12 June 2011

hey, this only took me 20 mins to write. that's pretty good. wonder how many mistakes i made....

the other day i came right out and asked you a question. did anyone answer? no. here is the post, in case you forgot. why are you not answering?

in addition to people not answering me, i hate when the checkbook won't balance. well, to clarify: i hate when the checkbook is out of balance in the bank's favor. when it's out of balance in my favor, i just ignore it. i mean, i don't add that amount to my account, i just use my balance, which is smaller than the bank's balance. i figure that's pretty safe, that i won't overrrun. eventually it evens out. what gets to me is when i think i have more money than the bank thinks i have. this is pretty much impossible to ignore, completely occupies my mind, colors my world and the color is "sad".

i balance the checkbook nearly every week, and it's been balancing right along for several months until yesterday when i came up with a ton more money than the bank thinks i have. i researched the issue for way too long, tracked and matched and recalculated, didn't find a problem. i was thrown off for the rest of the day.

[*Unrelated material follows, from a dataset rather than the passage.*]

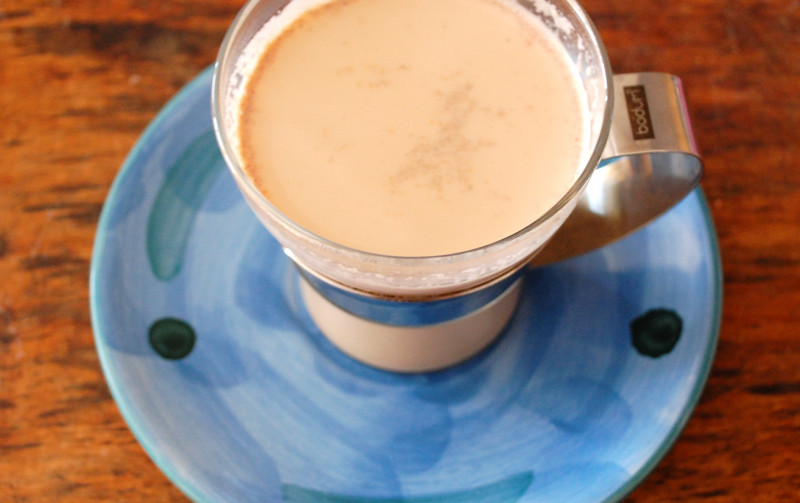 Black Chai Tea Recipe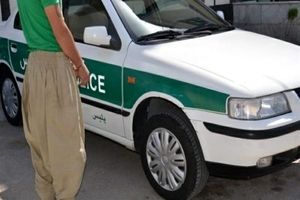 دستگیری عامل توزیع حرفه ای مواد افیونی در شهرستان زاهدان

i woke up this morning thinking about it and talking about it. and, talking about it. and, apparently, talking about it. my old man was like, go to the bank, see if they can help.

huh. help.

so the bank opened at noon and i scurried right on down there and brought the 15-page printout of my excel spreadsheet checkbook register. the young banklady printed out the transactions from this weekend and said, well, you need to account for these. i said, i did - here. then, she printed out last week's transactions and resolved them against the register. check. check. check. she concluded by saying she would need to fax the records in to the home office and talk to her manager tomorrow and she'd give me a call, what's your number? i gave her my email address, because i hate phones.

i just feel so much better knowing the bank is on the case. my world is colored happy again. yes, there are bigger things to worry about than money, but i had a twisted childhood.